Russia’s new puppet president, Dmitry Medvedev, made his first trip abroad last week. In a gesture showing where Russia’s true friends lie, he went to Kazakhstan and China. The trip further cemented Russia’s relationship with its Asian allies, Medvedev’s most notable accomplishment being his joint signing of a document denouncing the U.S. plans for a missile defense system in Europe with his Chinese counterpart, Hu Jintao.

It’s Memorial Day weekend. American military history museums are finding themselves having to compete with theme parks—having to provide not just momentous history, but also a good time and and bevy of entertainment—in order to attract visitors.

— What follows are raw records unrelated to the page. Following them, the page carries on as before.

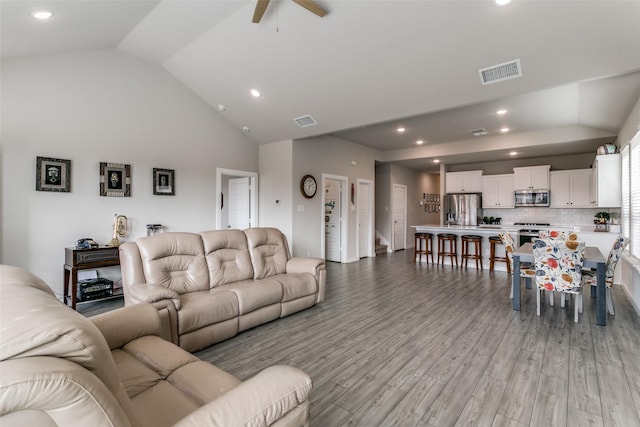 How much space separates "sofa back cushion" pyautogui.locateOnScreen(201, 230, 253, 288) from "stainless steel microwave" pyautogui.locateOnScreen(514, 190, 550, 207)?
7.10 metres

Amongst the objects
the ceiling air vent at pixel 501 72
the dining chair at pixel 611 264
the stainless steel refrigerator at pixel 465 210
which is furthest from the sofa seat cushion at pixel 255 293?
the stainless steel refrigerator at pixel 465 210

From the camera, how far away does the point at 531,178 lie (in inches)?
301

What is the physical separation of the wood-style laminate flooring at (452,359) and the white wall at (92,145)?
117 inches

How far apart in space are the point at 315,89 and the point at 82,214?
381cm

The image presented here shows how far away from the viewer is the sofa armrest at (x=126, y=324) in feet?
6.26

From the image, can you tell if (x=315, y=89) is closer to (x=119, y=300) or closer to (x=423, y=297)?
(x=423, y=297)

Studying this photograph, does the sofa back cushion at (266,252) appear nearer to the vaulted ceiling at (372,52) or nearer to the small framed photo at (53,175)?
the vaulted ceiling at (372,52)

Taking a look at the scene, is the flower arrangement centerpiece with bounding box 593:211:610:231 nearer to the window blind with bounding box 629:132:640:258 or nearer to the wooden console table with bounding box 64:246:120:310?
the window blind with bounding box 629:132:640:258

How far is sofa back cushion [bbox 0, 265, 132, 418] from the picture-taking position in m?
0.74

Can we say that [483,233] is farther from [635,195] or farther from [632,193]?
[635,195]

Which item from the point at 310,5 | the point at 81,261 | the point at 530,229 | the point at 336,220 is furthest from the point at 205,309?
the point at 530,229

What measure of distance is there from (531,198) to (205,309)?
26.1ft

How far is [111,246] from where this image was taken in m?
4.35

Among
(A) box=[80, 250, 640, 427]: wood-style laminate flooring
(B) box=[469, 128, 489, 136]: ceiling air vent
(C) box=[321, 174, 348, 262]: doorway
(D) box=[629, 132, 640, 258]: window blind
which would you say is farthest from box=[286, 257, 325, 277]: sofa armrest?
(B) box=[469, 128, 489, 136]: ceiling air vent
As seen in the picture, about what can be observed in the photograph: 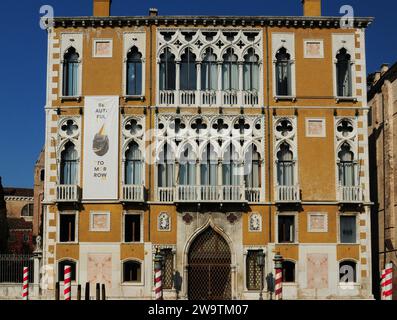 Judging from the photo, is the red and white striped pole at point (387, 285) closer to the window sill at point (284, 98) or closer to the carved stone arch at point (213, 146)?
the carved stone arch at point (213, 146)

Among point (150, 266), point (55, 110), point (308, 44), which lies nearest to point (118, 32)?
point (55, 110)

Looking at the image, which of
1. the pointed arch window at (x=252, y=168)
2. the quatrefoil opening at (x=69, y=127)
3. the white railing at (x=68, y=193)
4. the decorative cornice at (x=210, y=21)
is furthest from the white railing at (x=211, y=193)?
the decorative cornice at (x=210, y=21)

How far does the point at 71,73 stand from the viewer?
30172mm

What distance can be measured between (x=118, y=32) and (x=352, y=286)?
47.2ft

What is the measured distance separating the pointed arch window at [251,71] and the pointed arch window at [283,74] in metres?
0.90

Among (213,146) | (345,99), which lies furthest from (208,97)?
(345,99)

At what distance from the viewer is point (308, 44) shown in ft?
99.2

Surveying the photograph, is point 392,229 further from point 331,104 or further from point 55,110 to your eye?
point 55,110

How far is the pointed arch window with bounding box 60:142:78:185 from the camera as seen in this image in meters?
29.5

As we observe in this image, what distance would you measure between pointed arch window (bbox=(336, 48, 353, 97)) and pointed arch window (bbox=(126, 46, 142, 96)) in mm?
8416

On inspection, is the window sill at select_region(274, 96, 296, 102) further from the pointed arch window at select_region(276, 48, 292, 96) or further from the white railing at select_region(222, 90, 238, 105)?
the white railing at select_region(222, 90, 238, 105)

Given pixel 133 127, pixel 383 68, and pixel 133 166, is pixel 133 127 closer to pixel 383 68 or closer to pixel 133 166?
pixel 133 166

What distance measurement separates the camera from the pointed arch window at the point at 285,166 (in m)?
29.6

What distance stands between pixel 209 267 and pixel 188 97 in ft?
23.4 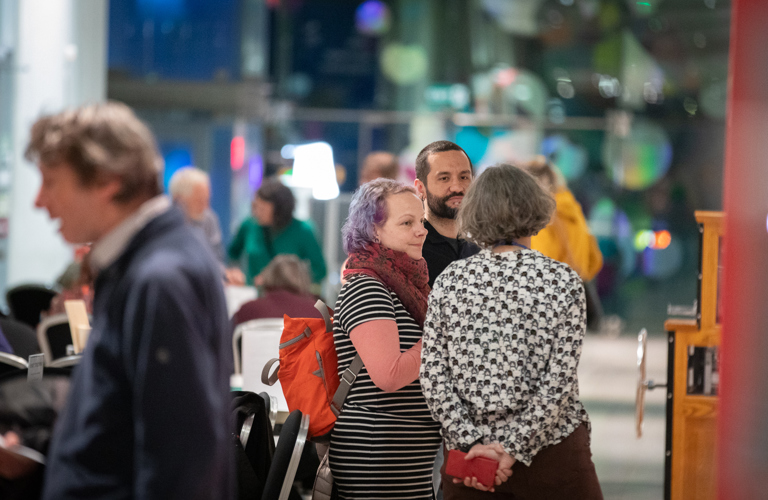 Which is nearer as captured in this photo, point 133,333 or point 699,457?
point 133,333

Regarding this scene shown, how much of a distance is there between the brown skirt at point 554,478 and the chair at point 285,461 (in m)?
0.44

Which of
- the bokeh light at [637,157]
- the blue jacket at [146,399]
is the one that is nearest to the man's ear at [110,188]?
the blue jacket at [146,399]

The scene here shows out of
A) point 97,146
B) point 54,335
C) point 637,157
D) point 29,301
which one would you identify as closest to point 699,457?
point 97,146

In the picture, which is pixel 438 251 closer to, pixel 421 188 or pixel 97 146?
pixel 421 188

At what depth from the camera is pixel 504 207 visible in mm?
2061

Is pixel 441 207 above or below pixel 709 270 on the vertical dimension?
above

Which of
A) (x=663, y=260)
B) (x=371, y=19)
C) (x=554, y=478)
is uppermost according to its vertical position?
(x=371, y=19)

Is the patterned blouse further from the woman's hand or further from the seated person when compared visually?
the seated person

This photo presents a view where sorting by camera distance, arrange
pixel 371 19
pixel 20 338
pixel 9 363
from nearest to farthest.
Result: pixel 9 363 < pixel 20 338 < pixel 371 19

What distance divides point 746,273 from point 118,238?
977 millimetres

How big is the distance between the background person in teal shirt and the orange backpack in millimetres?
3065

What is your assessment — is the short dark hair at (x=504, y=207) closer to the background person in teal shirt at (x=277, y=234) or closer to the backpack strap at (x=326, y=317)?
the backpack strap at (x=326, y=317)

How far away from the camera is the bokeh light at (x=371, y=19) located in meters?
13.1

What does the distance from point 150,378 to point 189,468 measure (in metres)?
0.16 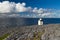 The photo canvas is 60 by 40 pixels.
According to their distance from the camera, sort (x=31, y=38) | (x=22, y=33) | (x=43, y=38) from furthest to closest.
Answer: (x=22, y=33), (x=31, y=38), (x=43, y=38)

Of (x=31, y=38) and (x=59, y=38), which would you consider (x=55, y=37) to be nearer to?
(x=59, y=38)

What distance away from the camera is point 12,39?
52.3 m

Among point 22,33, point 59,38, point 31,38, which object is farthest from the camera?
point 22,33

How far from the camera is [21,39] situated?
167 feet

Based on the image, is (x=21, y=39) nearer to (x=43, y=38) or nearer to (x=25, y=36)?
(x=25, y=36)

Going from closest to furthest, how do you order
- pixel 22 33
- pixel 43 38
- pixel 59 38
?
pixel 59 38 → pixel 43 38 → pixel 22 33

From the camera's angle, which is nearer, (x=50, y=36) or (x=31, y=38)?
(x=50, y=36)

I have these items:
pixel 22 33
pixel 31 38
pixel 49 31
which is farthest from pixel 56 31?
pixel 22 33

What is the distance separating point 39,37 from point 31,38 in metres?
2.61

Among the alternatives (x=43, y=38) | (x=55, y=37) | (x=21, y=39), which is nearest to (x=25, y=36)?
(x=21, y=39)

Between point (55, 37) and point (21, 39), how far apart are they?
10.9 metres

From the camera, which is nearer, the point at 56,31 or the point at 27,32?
the point at 56,31

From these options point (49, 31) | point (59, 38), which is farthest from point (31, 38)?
point (59, 38)

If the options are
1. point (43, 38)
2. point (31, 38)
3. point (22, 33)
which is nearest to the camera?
point (43, 38) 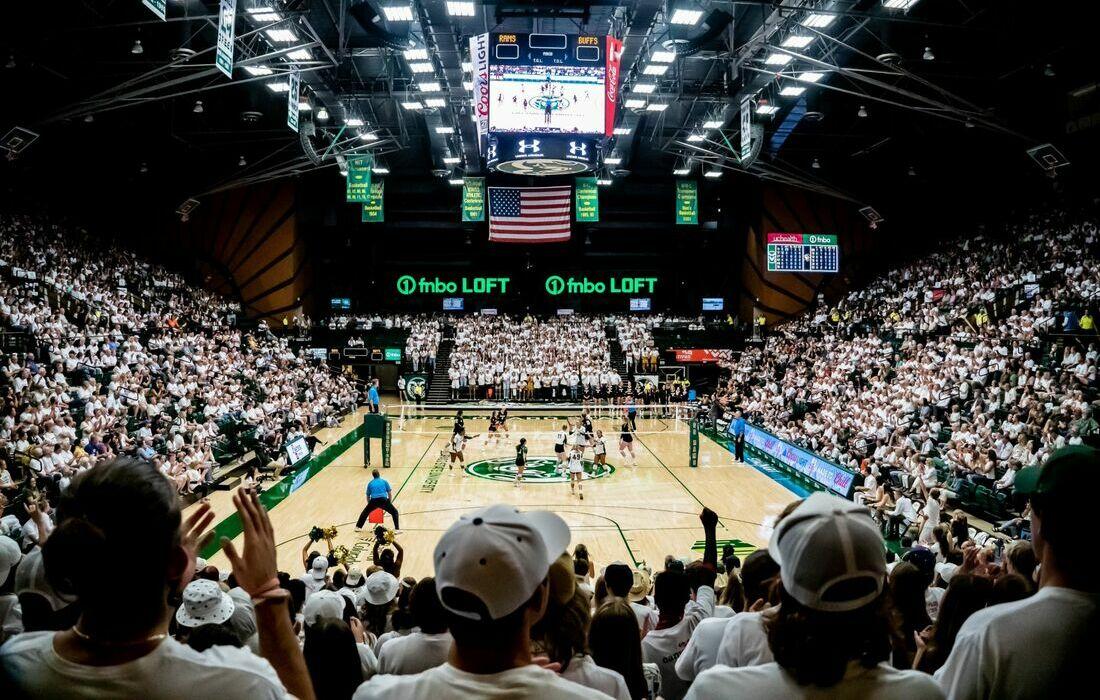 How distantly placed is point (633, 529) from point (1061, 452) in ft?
42.8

This thoughtful piece from this morning’s Washington Post about the last surviving veteran of World War i makes for a great read this Memorial Day weekend.

And Finally …

Bagpipe manufacturers in Scotland can attest to the massive power shift from the West to the East currently under way. “Some makers of Scotland’s traditional bagpipes are feeling the squeeze of the credit crunch in the U.S. market,” Reuters reported on Friday, “but have found new customers and a growing market in Asia.”

While the sound of bagpipes bellowing through the hills of China might seem unusual and slightly amusing, the increasing reliance of Scottish pipe makers on Asian consumers is a snapshot of a much broader transfer of power away from America and toward Asia.

“I just think the whole American economy slowed a wee bit, so everybody just feels that pinch,” said Neil Manderson, owner of Kilberry Bagpipes. But while sales to the U.S. drop, global sales are increasing, thanks largely to Asia’s growing love for Scottish bagpipes.

Somehow “The Blue Bells of Shangdong” doesn’t quite have the right ring.